Evaluating Market Expansion Strategies: Vertical or Horizontal?

With the recent turmoil in the Economy, deals and opportunities are soon to follow as astute business persons hunt for opporunities for consolidating their position by moving into spaces vacated by fallen players. Easiest venues for expansion are horizontal, as they encompass your core area of expertise and help topline growth. Cost efficiency benefits are critical components in evaluating a horizontal expansion opportunity. Horizontal expansion strategies can be further broken out into geo-demographic expansion versus channel expansion strategies, but all these still entail doing what you are good at in new venues. Efficient marketing and distribution networks are important to the success of horizontal strategies.

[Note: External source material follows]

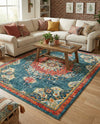 Brighton Terrace Collection Area Rug - Hove (Blue) Rectangle Blue  lifestyle 21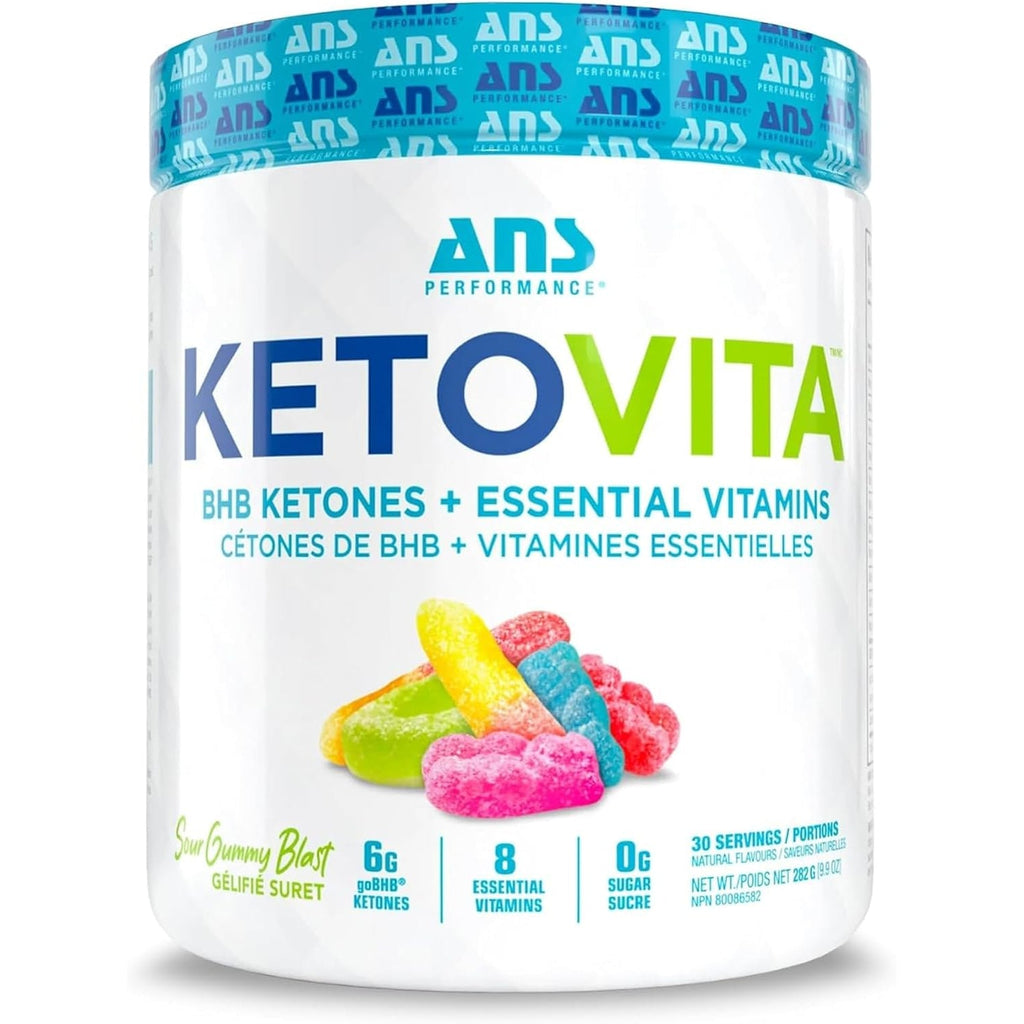 ANS Performance Ketovita Supplement Beta-Hydroxybutyrate Ketones Drink Powder with Zero Sugar and 30 Servings, Boosts Metabolism, Sour Gummy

Vertical expansion on the other hand is a trickier proposition as it entails venturing into an area you are only familiar with but lies outside your core competitive advantage, but done correctly will significantly impact your bottomline. Synergy benefits are very important for vertical expansion opportunities. Operational excellence too can go a long way in making a vertical expansion strategy very successful.

Industry lifecycle is also a big determinant of the feasibility of one versus the other. Growth industries make horizontal expansion very attractive and important for market leadership, whereas for mature phase industries horizontal expansion may not offer as much ROI as margin improvement through vertical expansion.